++++ Records for this task

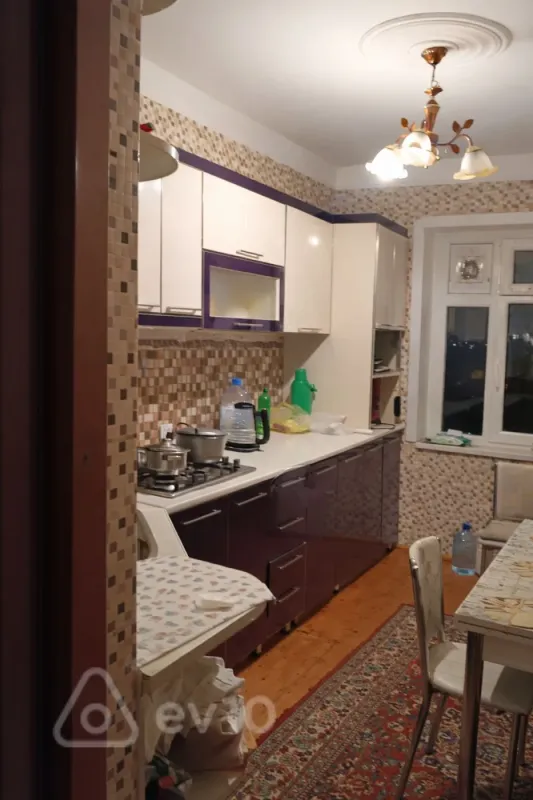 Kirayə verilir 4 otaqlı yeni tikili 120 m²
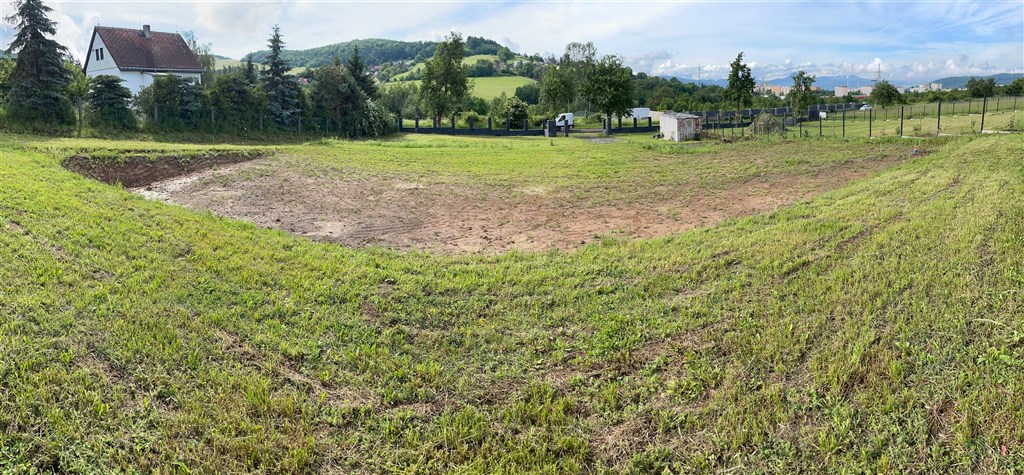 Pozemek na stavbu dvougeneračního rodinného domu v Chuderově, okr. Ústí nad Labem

++++++++
++++ Records for this task

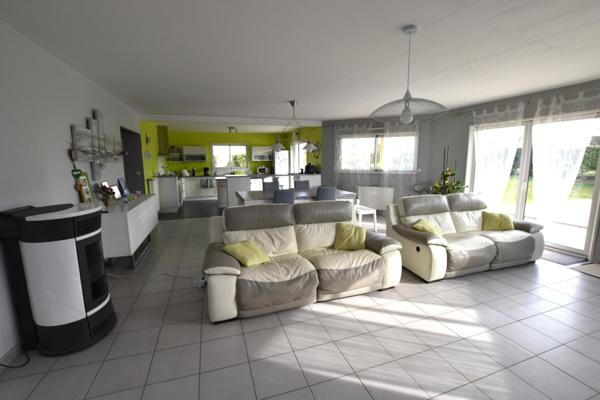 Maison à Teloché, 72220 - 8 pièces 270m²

++++++++

** Your instructions **
Begin at the line in the entries above that has "Kirayə verilir 4 otaqlı yeni tikili 120 m²", stop after the line that has "Pozemek na stavbu", and output exactly those lines without pictures.

** Exercise answer **
 Kirayə verilir 4 otaqlı yeni tikili 120 m²
 Pozemek na stavbu dvougeneračního rodinného domu v Chuderově, okr. Ústí nad Labem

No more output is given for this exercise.